WouterH · January 30, 2011, 12:19pm

still, using a foreach to walk through the byteInput should be faster then looking up each value with byteInput[index]

William · January 30, 2011, 12:41pm

“still, using a foreach to walk through the byteInput should be faster then looking up each value with byteInput[index]”

@ wouter. How so? Typically, foreach is slower then while or for because of the enumerator (i.e. Current, MoveNext) object overhead. Maybe I am not understanding what perf factor your pointing to.

WouterH · January 30, 2011, 1:03pm

well I’ve ran a test, and foreach seems a very little bit slower.

I thought foreach on a byte array was implemented like an incremented pointer as we know from C/C++. In C/C++ the incrementing pointer is faster than looking up a table index since it needs fewer assembler instructions (no need for offset calculation).

It seems now that this is not how foreach is implemented for a byte-array.

I also tested different scenario’s on the Encoding code posted here, and I must say there is not much room for optimalisation. Even removing the byte-array allocation doesn’t speed things up…

In general the code is slow and I think there is a need to support this kind of conversions in native code.

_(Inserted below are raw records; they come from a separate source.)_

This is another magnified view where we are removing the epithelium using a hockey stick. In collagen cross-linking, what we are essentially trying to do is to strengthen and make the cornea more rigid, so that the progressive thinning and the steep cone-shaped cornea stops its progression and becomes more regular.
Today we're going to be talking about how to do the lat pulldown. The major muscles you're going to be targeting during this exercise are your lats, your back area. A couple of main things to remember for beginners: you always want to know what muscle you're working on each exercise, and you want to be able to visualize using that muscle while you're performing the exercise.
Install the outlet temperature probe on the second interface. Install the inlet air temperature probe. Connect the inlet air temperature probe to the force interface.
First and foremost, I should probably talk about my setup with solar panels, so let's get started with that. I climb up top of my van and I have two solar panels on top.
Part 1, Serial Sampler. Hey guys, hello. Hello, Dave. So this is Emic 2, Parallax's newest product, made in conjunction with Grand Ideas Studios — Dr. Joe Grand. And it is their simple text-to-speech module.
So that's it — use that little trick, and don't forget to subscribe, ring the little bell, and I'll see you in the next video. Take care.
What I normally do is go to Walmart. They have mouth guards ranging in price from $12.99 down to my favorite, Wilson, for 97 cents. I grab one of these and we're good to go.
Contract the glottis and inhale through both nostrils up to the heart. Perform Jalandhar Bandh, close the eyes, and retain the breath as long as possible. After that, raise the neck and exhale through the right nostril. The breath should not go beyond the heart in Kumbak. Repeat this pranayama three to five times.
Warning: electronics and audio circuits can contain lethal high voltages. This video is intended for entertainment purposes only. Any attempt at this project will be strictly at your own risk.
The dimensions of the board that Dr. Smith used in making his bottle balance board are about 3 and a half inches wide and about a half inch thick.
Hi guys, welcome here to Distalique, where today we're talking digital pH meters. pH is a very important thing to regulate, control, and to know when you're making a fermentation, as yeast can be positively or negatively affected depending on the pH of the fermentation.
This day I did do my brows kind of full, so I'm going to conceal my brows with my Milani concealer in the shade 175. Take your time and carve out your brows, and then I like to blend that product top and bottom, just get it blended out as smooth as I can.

Alagrat · January 31, 2011, 2:14am

Thanks for all answered. I’ll try suggestions and post the result

William · January 31, 2011, 2:43am

“I’ve ran a test, and foreach seems a very little bit slower.”

Sounds good. Foreach is a great construct, so people should not shy away from it in general. In most common usage, it will not matter and your efforts would be better spent somewhere else.